Meskipun ketika berbicara kitab suci tidak dianggap SARA, namun dalam hal berbangsa harus selalu menjunjung etika. Ini berbeda masalahnya antara urusan prinsip atau perintah agama dengan etika berbangsa. “Seperti kalimat mari berdoa sesuai dengan agamanya masing-masing. Tidak menyebut, ‘bagi yang kafir silahkan berdoa sesuai dengan kekufurannya’. Ini persoalan etika berbahasa,” kata Yunahar.
Di bagian akhir, Yunahar menjelaskan bahwa umat Islam memiliki kewajiban terhadap al-Quran.
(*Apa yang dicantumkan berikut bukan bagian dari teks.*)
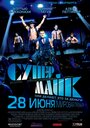 Фильм «Супер Майк» смотреть онлайн фильм в хорошем качестве 720p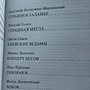Фото отзыв 0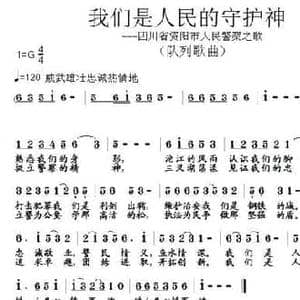 我们是人民的守护神_民歌简谱_词曲:孙华 张朱论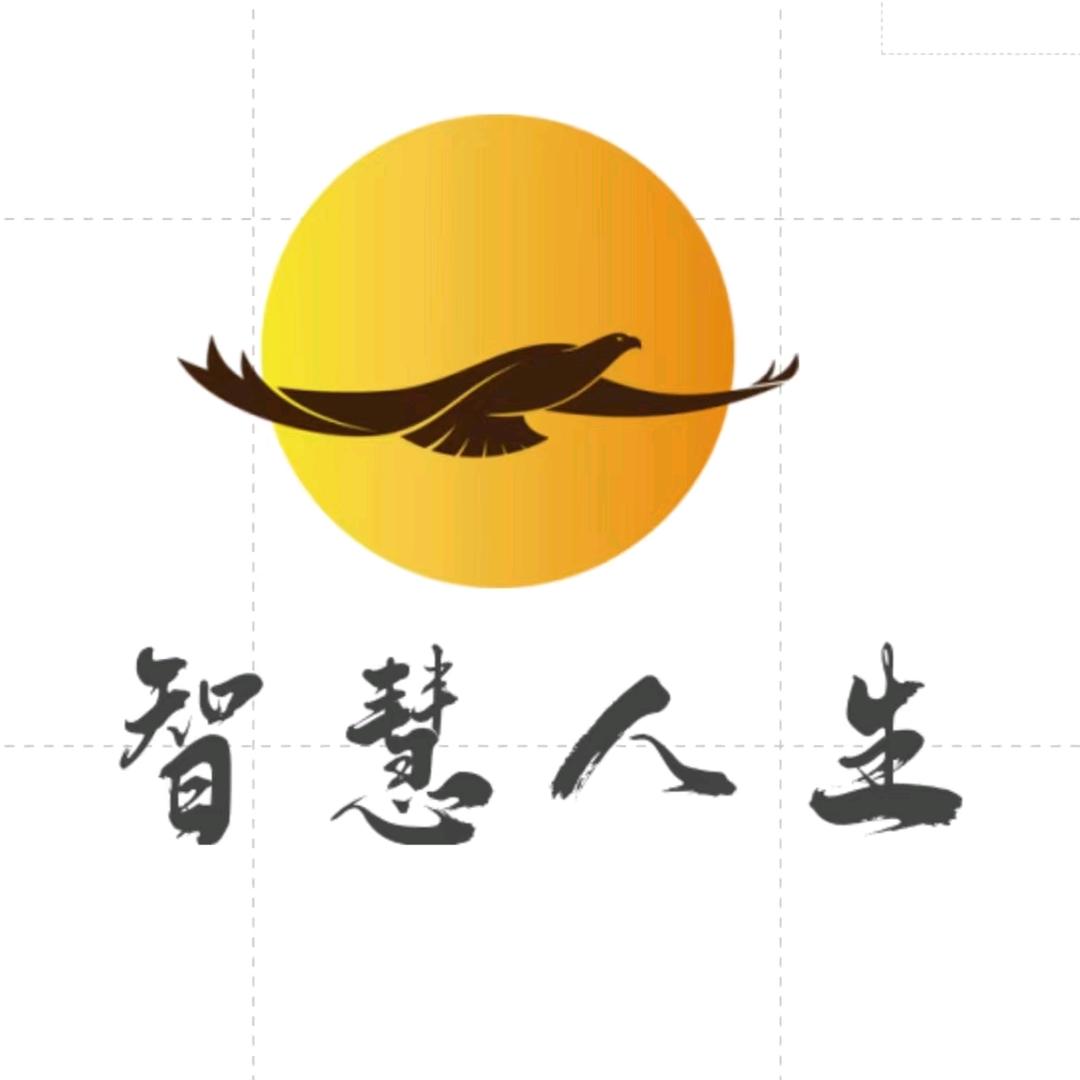 智慧☀人生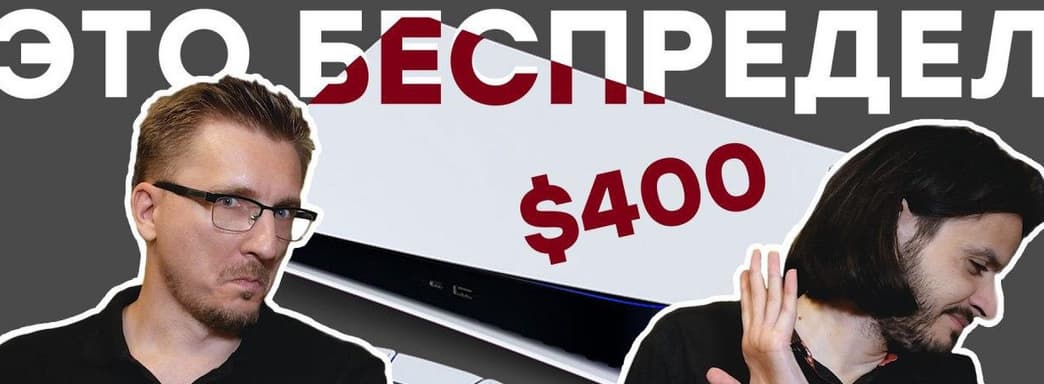 PS5 потеряла смысл и эксклюзивы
Di antaranya adalah: mengimaninya seluruh ayatnya atau 6236 ayat, membacanya meskipun terbata-bata, memahaminya, mengamalkan.
Menurutnya, al-Quran tidak cukup hanya dibaca, namun harus dipahami secara mendalam, lalu kemudian diamalkan. Hal ini telah dicontohkan Kyai Dahlan dalam mengajarkan QS. Al-Ashr dan al-Maun. Kyai Dahlan mengajarkan surat yang sama dalam waktu berbulan-bulan, hingga para santrinya benar-benar mengamalkannya (Ribas).